§ Data:
· · ·
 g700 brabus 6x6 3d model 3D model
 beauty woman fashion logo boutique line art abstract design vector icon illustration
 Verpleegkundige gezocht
· · ·
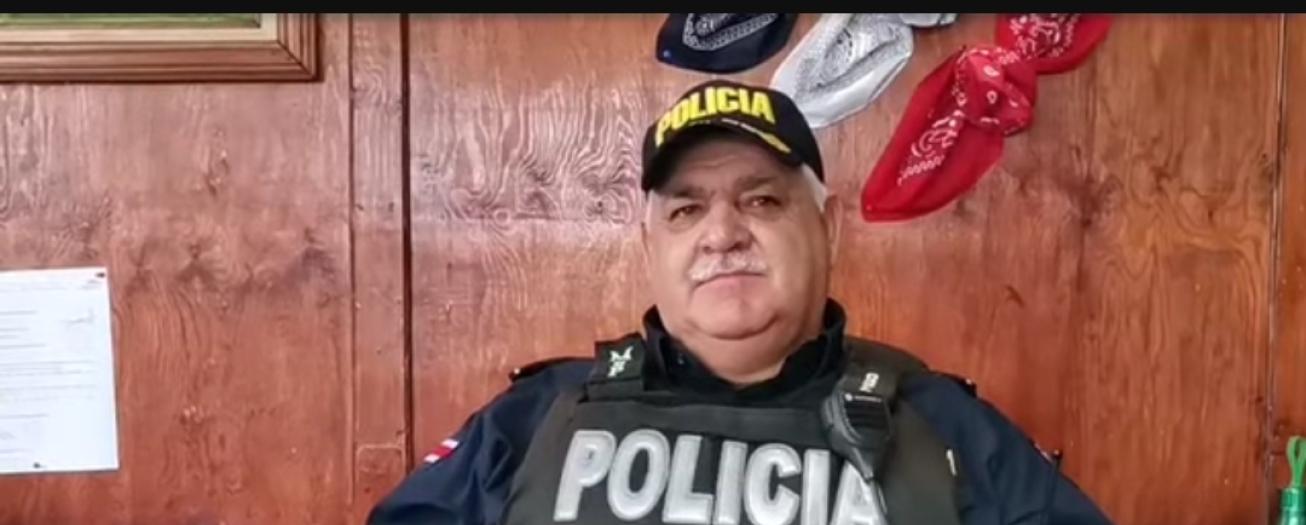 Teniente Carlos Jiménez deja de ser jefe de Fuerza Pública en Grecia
· · ·
§ What you need to do:
Begin at the line above that has "g700 brabus 6x6 3d model 3D model" and stop after the line that has "Verpleegkundige gezocht", copying each line exactly and adding nothing else.

§ Answer to this problem:
 g700 brabus 6x6 3d model 3D model
 beauty woman fashion logo boutique line art abstract design vector icon illustration
 Verpleegkundige gezocht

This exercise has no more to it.